Quantum Mechanics of Stochastic Systems
Yurang, Kuang
TL;DR
The paper develops a comprehensive quantum-mechanical framework for stochastic systems by treating classical probability laws as spectral outcomes of perturbations to the quantum harmonic oscillator. It formalizes an infinite-dimensional Hilbert-space representation in which stochastic states $\ket{\psi_S}=\sum_n\alpha^{(S)}_n\ket{n}$ encode probability distributions, and introduces exact perturbation potentials to realize Poisson, Binomial, Negative Binomial, and Hypergeometric laws. A key innovation is the modular projection $\hat{R}_M$ that maps to finite-dimensional bases and guarantees True Uniform Random Number Generation (TURNG) via exponential convergence to uniform modulo $M$, removing the need for external whitening. Beyond RNGs, the framework enables quantum probability engineering—physically realizing classical distributions through designed Hamiltonians—and provides a dynamical extension with stochastic time evolution, multi-system correlations, and master-equation connections. Collectively, QMSS bridges quantum dynamics, statistical physics, and experimental probability realization, offering a rigorous route from classical randomness to quantum-inspired computation and certified randomness in quantum laboratories.
Abstract
We develop a fundamental framework for the quantum mechanics of stochastic systems (QMSS), showing that classical discrete stochastic processes emerge naturally as perturbations of the quantum harmonic oscillator (QHO). By constructing exact perturbation potentials that transform QHO eigenstates into stochastic representations, we demonstrate that canonical probability distributions, including Binomial, Negative Binomial, and Poisson, arise from specific modifications of the harmonic potential. Each stochastic system is governed by a Count Operator (N), with probabilities determined by squared amplitudes in a Born-rule-like manner.
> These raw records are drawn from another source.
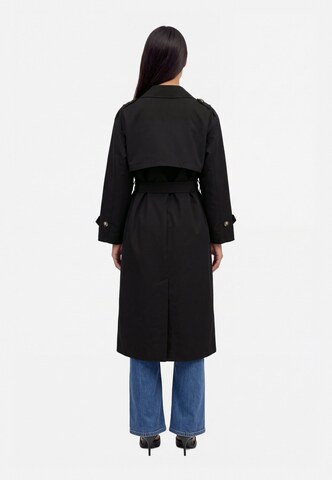 Vero Moda Petite - Abrigo de entretiempo 'VMCHLOE' en negro: atrás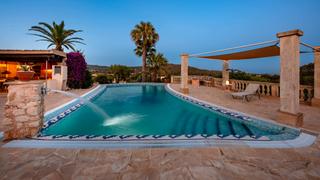Country house in S´Horta - Cas Concos des Cavaller - Es Carritxó. Preciosa finca con vista lejana al mar y múltiples edificaciones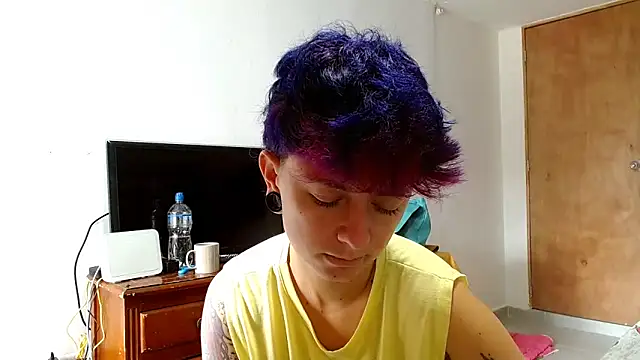 tomboyblue online show from 05/08/26, 05:40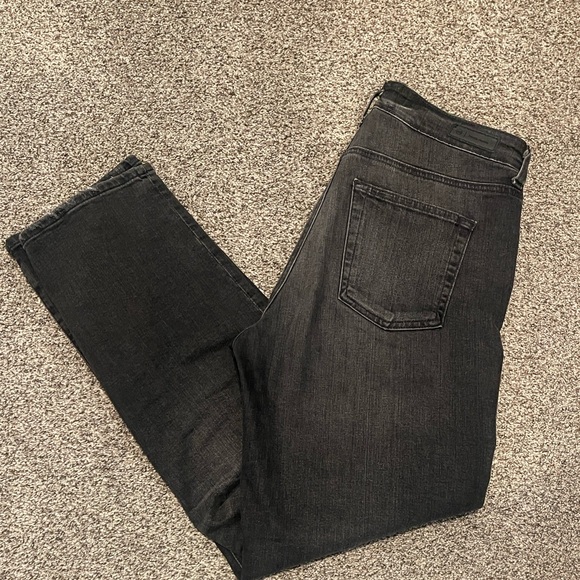 AG denim Women's Saige High Waist Straight Leg Faded Black Jean Size 29 - Picture 3 of 5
The framework introduces a complete operator algebra for moment generation and information-theoretic analysis, together with modular projection operators (R_M) that enable finite-dimensional approximations supported by rigorous uniform convergence theorems. This mathematical structure underpins True Uniform Random Number Generation (TURNG) [Kuang, Sci. Rep., 2025], eliminating the need for external whitening processes. Beyond randomness generation, the QMSS framework enables quantum probability engineering: the physical realization of classical distributions through designed quantum perturbations. These results demonstrate that stochastic systems are inherently quantum-mechanical in structure, bridging quantum dynamics, statistical physics, and experimental probability realization.